Ma Montanari dovrebbe anche
spiegare perché, se chi non è cittadino italiano non può tutelare le
istituzioni nazionali in Italia, questo può succedere altrove. Infatti l’ormai
ex direttore degli Uffizi ha diretto l’importante museo di Baltimora e ora va a
Vienna, pur essendo cittadino tedesco. Cosa accade? All’estero sono così
stupidi da lasciare che gli stranieri gestiscano le loro istituzioni e solo noi
italiani siamo così accorti da evitare che pericolosi stranieri si impadroniscano
dei nostri musei? Non è, per caso, che la nazionalità non c’entra niente e che
quello che vale, in questo caso, è la competenza e la capacità manageriale? A
Montanari non va giù che, poiché la Costituzione indica che chi ricopre cariche
pubbliche debba “adempiere con disciplina e onore, prestando giuramento nei
casi stabiliti dalla legge”, questo compito venga affidato a, chessò, un
tedesco. Per non parlare della parola “manageriale”, che a Montanari fa venire
la pelle d’oca, perché pensa che i musei siano dei centri di ricerca scientifica e che il
numero di visitatori non conti nulla. Buffa opinione, per chi si dichiara di
sinistra: pensare che i musei siano fatti per un’élite di studiosi e non per le
masse. Che stiano a casa, a guardare la tv, quegli ignoranti.
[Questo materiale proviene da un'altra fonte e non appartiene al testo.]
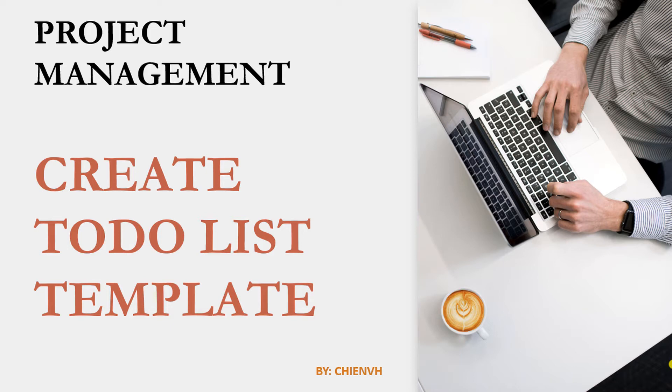Hi, in this video today I want to show you how to create a to-do list template in your project. So now let's get started.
Ecco, la situazione del paese non
è allegra, ma questo caso non è estraneo al declino di autorevolezza e
competitività che affligge l’Italia. Se non abbiamo capito che siamo in Europa,
e non in un paese isolato, che può accadere che un tedesco abbia più
disciplina, onore, e magari anche doti intellettuali e manageriali di qualche
funzionario italiano, come speriamo di affrontare le sfide della
globalizzazione? E se il nostro provincialismo ci porta a pensare che è sempre
meglio difendere i burocrati nostrani e non metterli in competizione con le
intelligenze che popolano il continente, quando riusciremo a superare l’inerzia
e l’inefficienza cronica della nostra pubblica amministrazione? Infine, se a
ogni innovazione quelli che si qualificano “progressisti” reagiscono con il
rifiuto di ogni novità e la difesa a oltranza dello status quo, che cambiamento
potremo mai aspettarci, e da chi? Dai conservatori?
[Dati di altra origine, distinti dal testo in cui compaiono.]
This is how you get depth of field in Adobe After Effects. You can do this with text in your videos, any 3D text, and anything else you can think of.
Montanari è un ottimo storico
dell’arte. Ma se questa dovesse essere la classe dirigente che aspetta di
prendere il posto di chi ha – forse mediocremente, ma dignitosamente - gestito
il paese negli ultimi anni, siamo fritti. Dei talebani della cultura, dei
fondamentalisti del sindacalismo statalista, dei nazionalisti di estrema
sinistra non abbiamo proprio bisogno. Che facciano il loro mestiere, ma evitino di bloccare ogni tentativo di modernizzazione dello stato, per piacere. Ne abbiamo avuti già troppi, di personaggi
bizzarri, in posti chiave del paese. Ora vorremmo persone sensate.